Fetal surgery advances spur new ethical questions
Numerous ethical questions swirl around the subject of experimental fetal therapies.
Advances in diagnostic technology, as well as other fields such as genetic testing, are giving physicians the ability to diagnose potentially disastrous anomalies earlier than ever. This, in turn, is giving rise to a host of tough questions regarding possible treatment options.
Definitive answers are hard to come by, for that is the nature of ethical dilemmas. One national expert in the field believes that experience and communication are the keys.
"We have to balance what we can do ‹ what is possible ‹ and what the patients want us to do," said Dr. Mark I. Evans, Charlotte B. Failing Professor of Obstetrics and Gynecology, associate director of the Center for Molecular Medicine and Genetics and director of the Center for Fetal Diagnosis and Therapy at Wayne State University/Hutzel Hospital in Indiana.
"You have to talk to as many people as possible; there is safety in numbers. Good judgment comes from experience and experience comes from bad judgment."
Evans spoke at Vanderbilt University Medical Center's Ethics Spring Grand Rounds, sponsored by the Ethics Committee. His presentation was titled "Over the Cutting Edge: What are the Moral Boundaries for Experimental Fetal Therapies?"
Technology is rapidly increasing physicians' ability to detect serious anomalies long before birth. Experimental treatment options, and the relative success of those treatments, vary greatly. According to Evans, the first step is to determine what can be done when an anomaly is detected.
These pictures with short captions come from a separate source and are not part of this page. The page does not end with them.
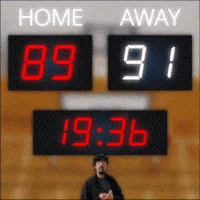 89 Home GIF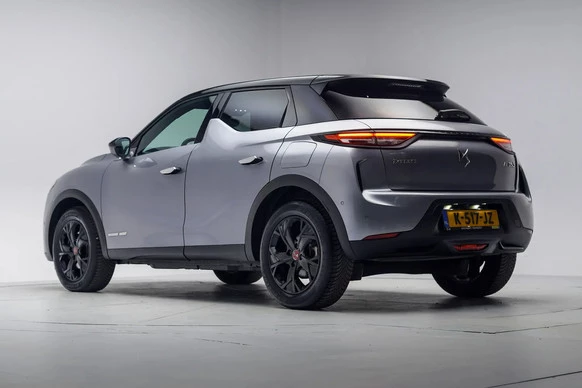 DS DS 3 - Afbeelding 3 van 30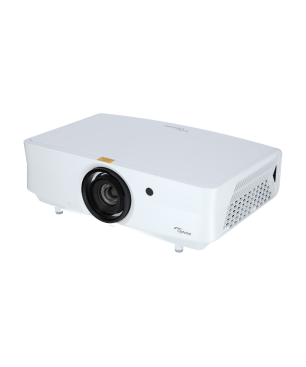 OPTOMA UHZ65LV Beamer(UHD 4K, 5000 Lumen)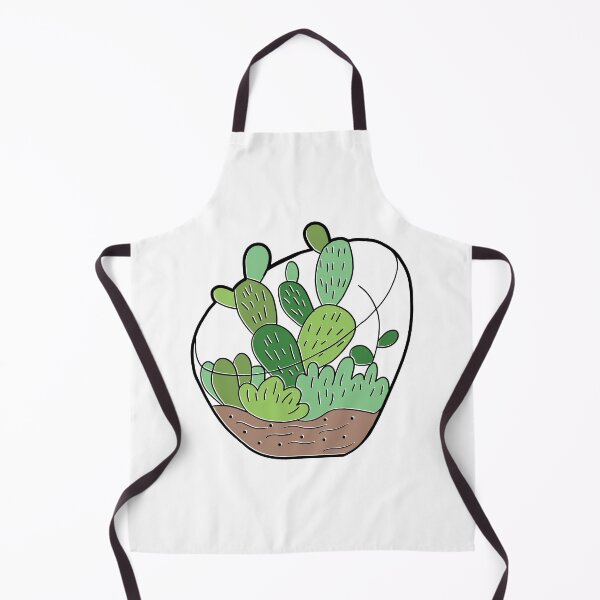 Item preview, Terrarium Plant 4 designed and sold by JCalvert-Design.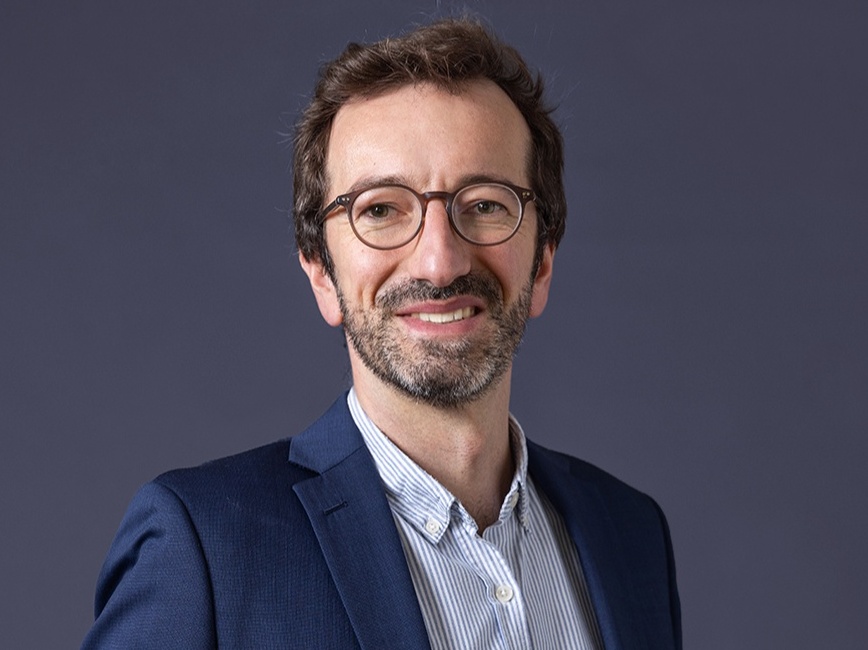 Contrefaçon de logiciels : quand la responsabilité du dirigeant est directement engagée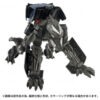 Transformers Studio Series SS-144 -Hatchet (Preorder Japan) - immagine 3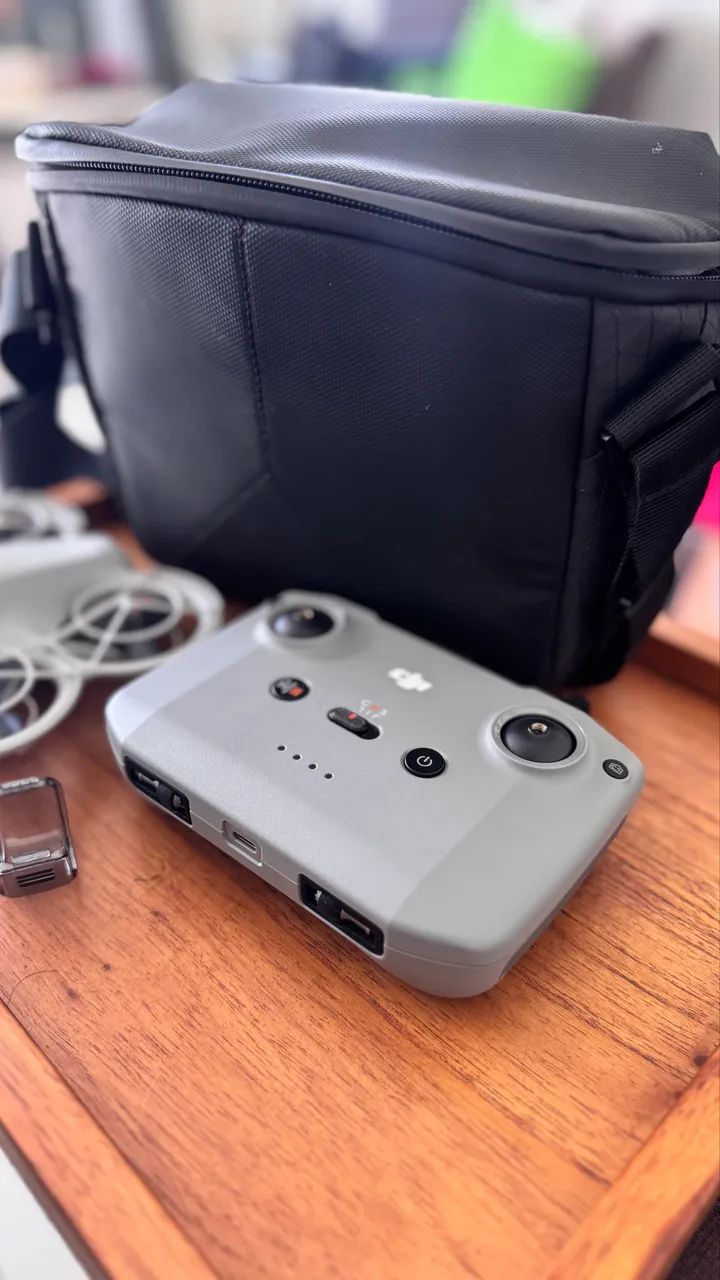 Drone neo  - Foto 4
"You start with life-and-death issues, then move to quality-of-life issues. Then come some hard questions. Is the fetus an independent patient? Well, that depends on your perspective," Evans said. "I say the parents have the right to choose the course of treatment. I don't believe doctors have an obligation to the fetus that supersedes the rights of the parents.
"You have to consider the risk to the mother. And sometimes, to be honest, the zeal of the investigator can get in the way.
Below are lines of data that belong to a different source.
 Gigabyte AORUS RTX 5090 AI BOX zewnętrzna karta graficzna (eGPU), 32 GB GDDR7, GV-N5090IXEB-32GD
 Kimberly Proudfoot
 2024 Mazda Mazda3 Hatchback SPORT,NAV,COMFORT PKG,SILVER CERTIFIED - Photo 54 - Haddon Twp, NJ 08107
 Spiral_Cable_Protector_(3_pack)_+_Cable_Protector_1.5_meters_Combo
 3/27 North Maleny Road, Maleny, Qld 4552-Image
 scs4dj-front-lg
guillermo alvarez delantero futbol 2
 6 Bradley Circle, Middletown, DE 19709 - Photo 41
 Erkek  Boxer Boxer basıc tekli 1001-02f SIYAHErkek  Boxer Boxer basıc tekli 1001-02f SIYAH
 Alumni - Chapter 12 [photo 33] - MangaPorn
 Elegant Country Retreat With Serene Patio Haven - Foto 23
"Finally, just because a certain procedure can be done, should it be done? Not always. You really have to balance the good and bad sides of every situation," Evans said.
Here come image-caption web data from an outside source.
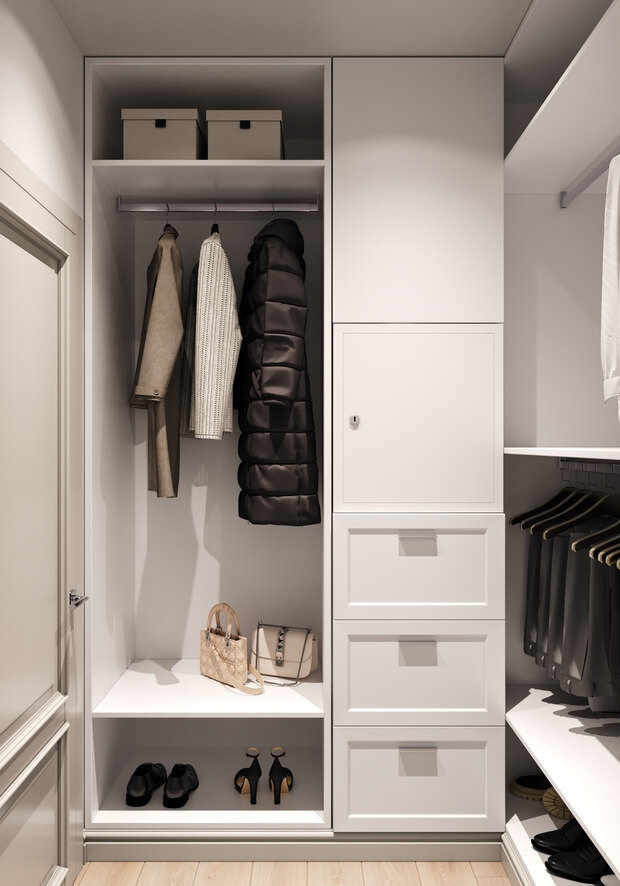 Фотография: в стиле – фото на INMYROOM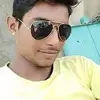 Satish_Singh - @terence.simpson - TikTok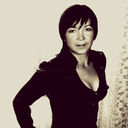  ,   Tatyana, 43 ,   ,   , c 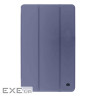 Чохол до планшета Armorstandart Flex Case Xiaomi Redmi Pad 2 Lavender Purple (ARM86102)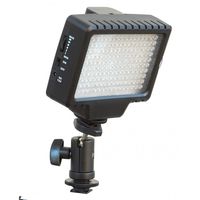 LED Video Light Reflecta - RPL 170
The advent of genetic testing is bringing these questions to the forefront. According to Evans, less than 10 percent of the abortions performed in the United States each year were done for genetic reasons.
"The more severe the anomaly, the more likely the pregnancy will be terminated, but we're not on a search and destroy mission," Evans said. "Fetal therapy is an emerging field, and it's forcing us to rethink how to handle patients who have babies with anomalies.
"We don't want to, with surgery and other fetal therapy techniques, deliver babies who will survive, but with disastrous consequences. We have the moral right to decide not to do that."
According to Evans, fetal therapy ‹ experimental and otherwise ‹ is a field that is technology-intensive and technology-dependent.
"I believe the ethical considerations of these situations change with technology also," Evans said. "However it is determined though, the bottom line always remains the same: How do I get the most good for my patient with the least amount of harm?"